(Stored items from a collection)
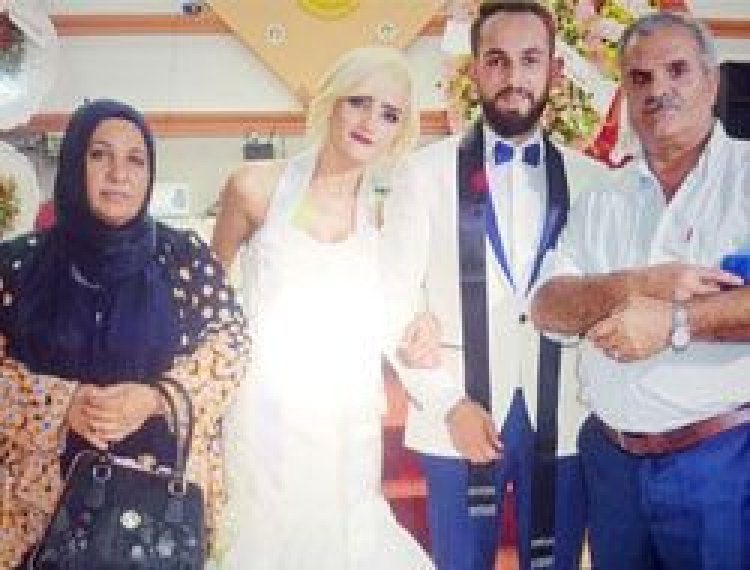 Hatıra Gezer & Samet Çiftçi Düğünü. 14.08.2016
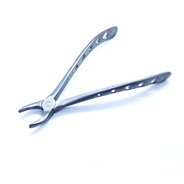 Щипцы для удаления верхних зубов 140-18 Schwert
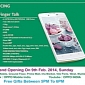 OPPO N1 Goes on Sale in India for Rs 37,990, Customers Receive Free O-Click Remote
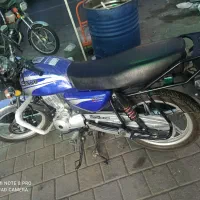 تکنو طرح باکسر 200 خشک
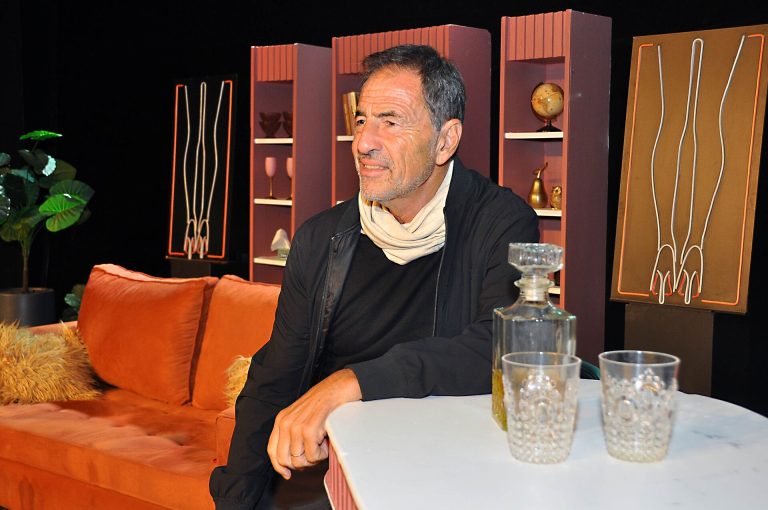 La amistad entre Damián De Santo y Martín Seefeld, el secreto detrás de su éxito en la costa: “El humor salva”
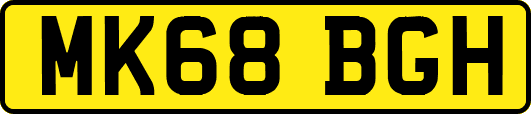 MK68BGH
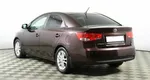 Kia Cerato 1.6 Автомат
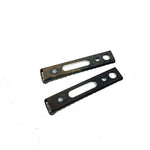 01-09 Honda Foreman Rubicon 500 TRX500FA 4x4 OEM Step Pair 50610-HN2-000 AH95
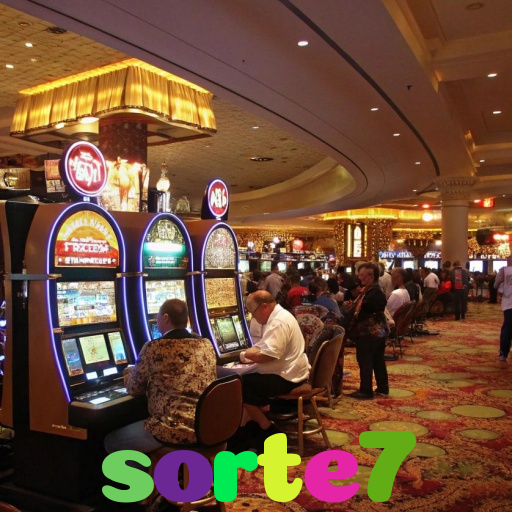 sorte7:Aposte nas melhores slots e conquiste prêmios como nunca!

— Brief —
Copy only these lines from the records above, exactly: the one with "Щипцы для удаления", the one with "Kia Cerato 1.6 Автомат", and those between. Skip the pictures.

— Solution for this exercise —
 Щипцы для удаления верхних зубов 140-18 Schwert
 OPPO N1 Goes on Sale in India for Rs 37,990, Customers Receive Free O-Click Remote
 تکنو طرح باکسر 200 خشک
 La amistad entre Damián De Santo y Martín Seefeld, el secreto detrás de su éxito en la costa: “El humor salva”
 MK68BGH
 Kia Cerato 1.6 Автомат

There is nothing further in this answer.